Exercise aim>
Omit every picture, then give all the entries again exactly.
Segment Open
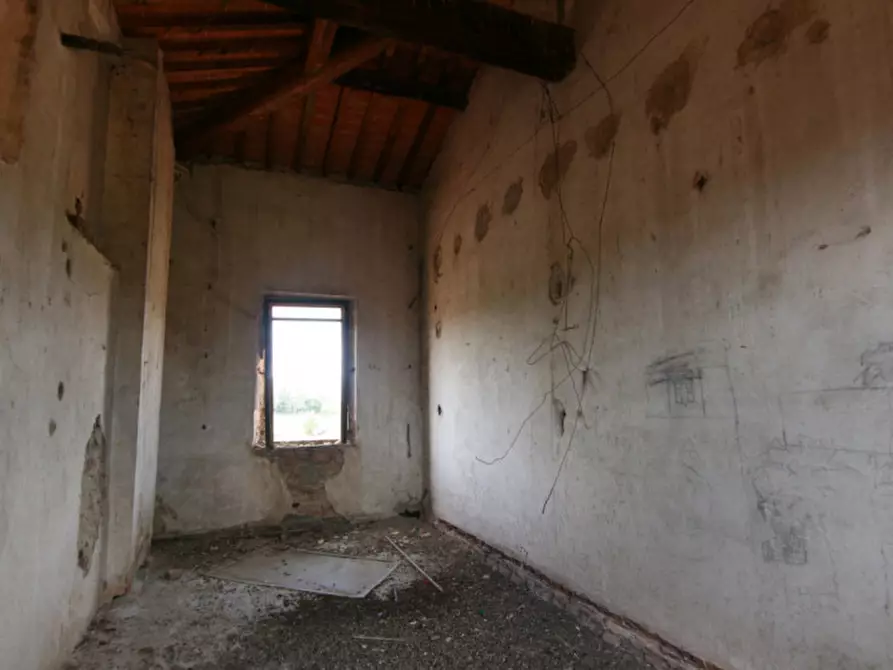 Immagine 33 di Rustico / casale in vendita  a Sinalunga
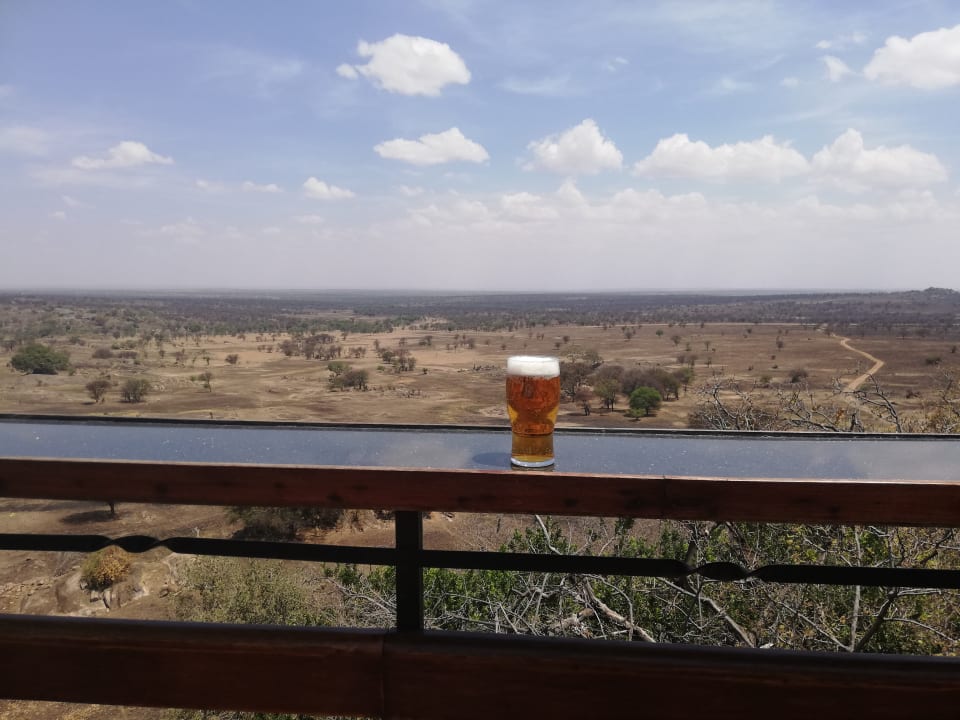 Ausblick Hotel Lobo Wildlife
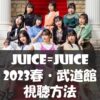 【配信・視聴方法】Juice=Juice・2023春・日本武道館【テレ朝チャンネル生中継・スカ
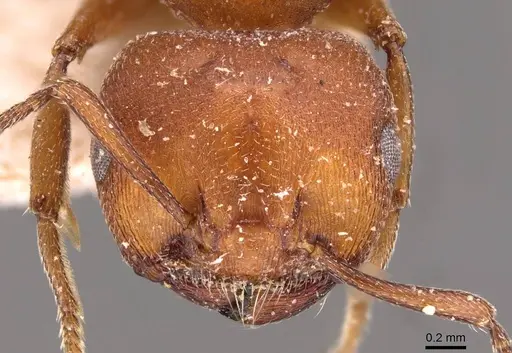 Crematogaster castanea specimen CASENT0908503 image casent0908503_2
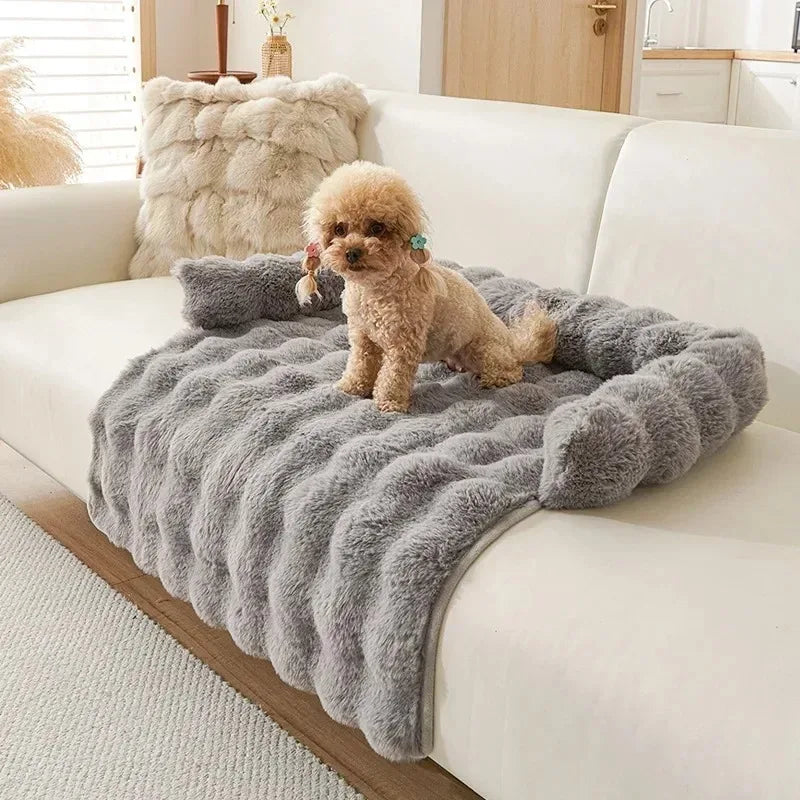 Fluffy Bed for Dogs on Couch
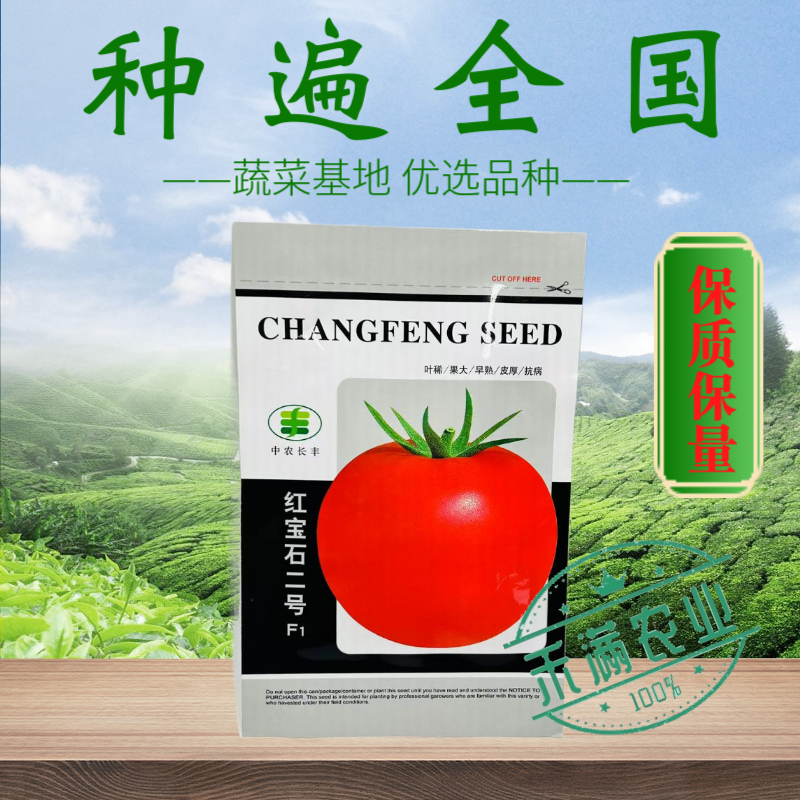 正宗基地品无限生长大红番茄种籽耐热大红果抗病毒西红柿种子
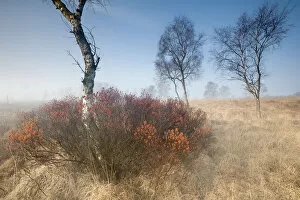 Castelein 100 Landscapes Collection: Sweetgale (Myrica gale) in mist with Birch tree. Groot Schietveld, Wuustwezel, Belgium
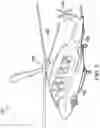 Fig. 02 - Bypass block for unregulated gearboxes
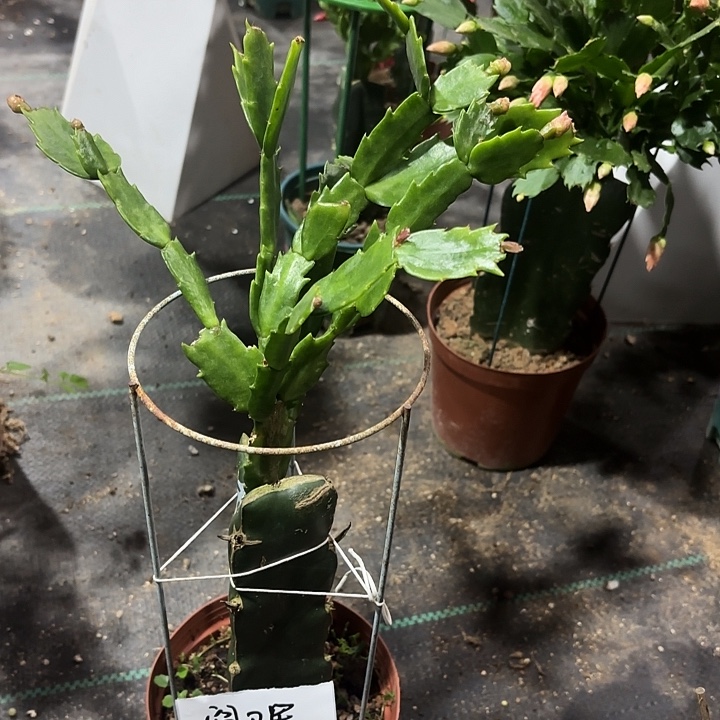 全部花苞澳洲红羽毛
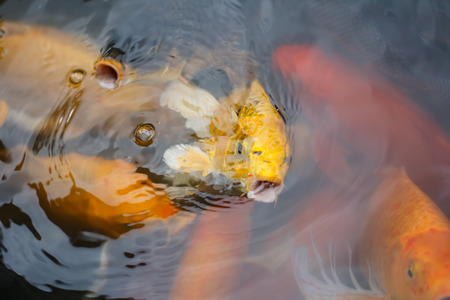 Colorful fish or CARP or fancy carp, also known as fancy carp, black carp. Or carp IX. A freshwater fish of the carp.の写真素材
Segment Closed
Answer section>
 Immagine 33 di Rustico / casale in vendita  a Sinalunga
 Ausblick Hotel Lobo Wildlife
 【配信・視聴方法】Juice=Juice・2023春・日本武道館【テレ朝チャンネル生中継・スカ
 Crematogaster castanea specimen CASENT0908503 image casent0908503_2
 Fluffy Bed for Dogs on Couch
 正宗基地品无限生长大红番茄种籽耐热大红果抗病毒西红柿种子
 Castelein 100 Landscapes Collection: Sweetgale (Myrica gale) in mist with Birch tree. Groot Schietveld, Wuustwezel, Belgium
 Fig. 02 - Bypass block for unregulated gearboxes
 全部花苞澳洲红羽毛
 Colorful fish or CARP or fancy carp, also known as fancy carp, black carp. Or carp IX. A freshwater fish of the carp.の写真素材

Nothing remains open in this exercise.